So drunk, too bad you don't want this
some 7 year old just told me his favorite rapper was eminem and kim got what she deserved...god damn today's youth is in a dark period
No, I'm never going to get a job bc I don't know anything about public relations except that Chris Crocker wants everyone to leave Britney alone.
I think I ordered pizza when I got home. The email said the delivery time was noon today. So if that shit shows up I am the most amazing drunk on the planet.
My brain is officially off for summer until late august. If that guy wants to fuck me, he better do it soon.
He stripped down to boxers and then started flinging jello shots with a spoon into people's mouths like a catapult.
I didn't hate myself when I woke up today, that's improvement right?
Dont eat ANYTHING off the floor at Matt's house. He likes floor sex.
Anyway, it's clearly a shapeshifting vagina/AT-AT, which I never said I was SEXUALLY attracted to. Just that I liked it.
You ask too many questions when I'm blowing you. You're like a dentist asking how my day has been during a cleaning.

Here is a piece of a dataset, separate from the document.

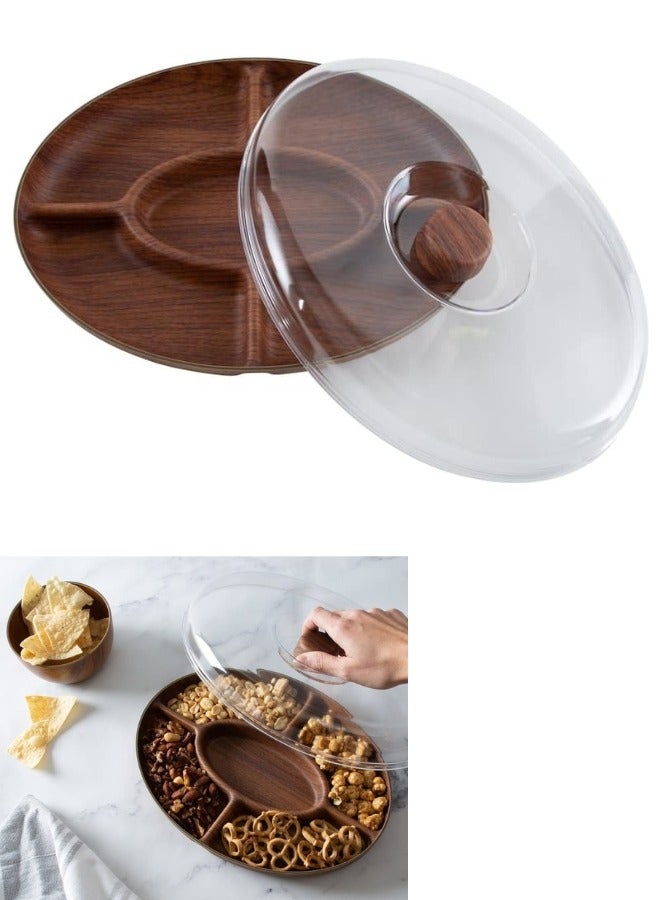 إيفيلين صينية تقديم بلاستيكية بملمس خشبي مع غطاء – مقسمة إلى 5 أقسام – حجم 30×20 سم – صينية تقديم مضادة للكسر للمكسرات والحلويات والفواكه والمقبلات – تصميم أنيق ومتين للمطبخ وطاولة الضيافة - Image 5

when I was walking home I wad so excited to see a cat on the sidewalk but it was really a traffic cone
I just dominated some guy while wearing your moms thong
I'm recovering from the blowjob...She's doing her taxes...
we had sex while we waited for the thai food... a which will come first type of situation
I'm driving to work hungover. I feel like I got hit by a train and then drank that train too.